El volumen que ahora publica Galaxia Gutenberg interrumpe la secuencia de las cartas en julio de 1914, al poco de la ruptura del primer compromiso matrimonial con Felice y días antes del estallido de la Primera Guerra Mundial. Son 778 cartas, de las cuales un centenar y medio permanecían inéditas en castellano. Entre éstas, poseen un particular interés las cartas de juventud a sus amigos de estudios -en particular a Felix Weltsch y a Paul KIsch-, así como a Alfred Löwy, el actor y empresario de teatro yidish a quien Kafka, que lo admiraba, ayudó de manera muy comprometida. También son reveladoras las cartas a Hedwig Weller, la primera "novia" de Kafka, con la que ensaya ya esa mezcla de seducción epistolar y rechazo físico que determinará años más tarde su relación con Felice Bauer.

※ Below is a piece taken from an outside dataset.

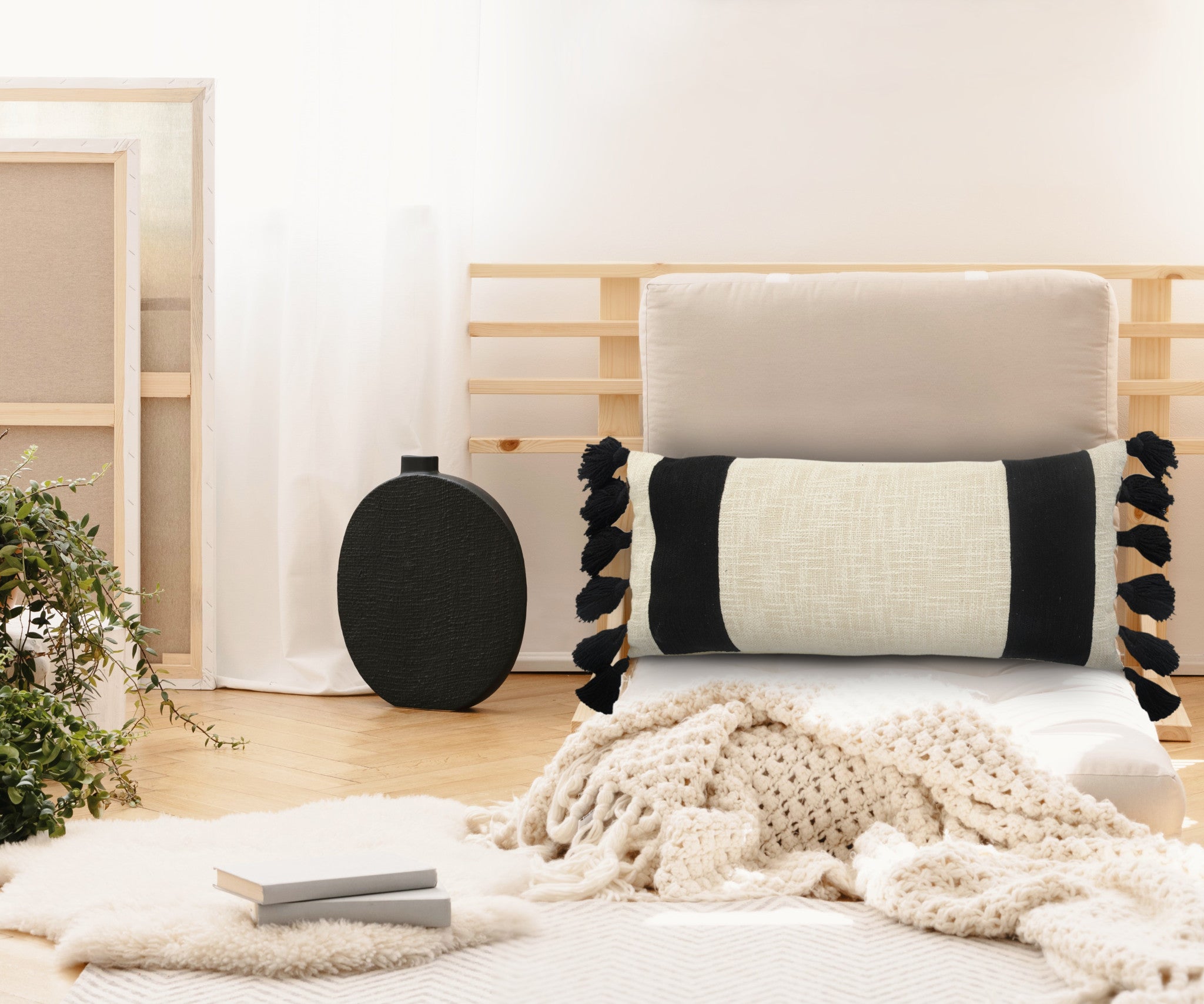 Set Of Two 20" X 20" Black Striped Zippered 100% Cotton Throw Pillow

La edición de Galaxia Gutenberg, prologada por Jordi Llovet, se presenta equipada con un formidable aparato de notas aclaratorias que complementa una exhaustiva cronología de los años comprendidos por las cartas, una relación biográfica de todos los corresponsales, y una útil panoplia de índices de consulta. Incluye, además, a modo de anexos, las pocas cartas que se conservan dirigidas a Kafka (entre ellas, las de Robert Musil), así como las dedicatorias escritas por Kafka en libros y álbumes, más las que se conservan dirigidas a él.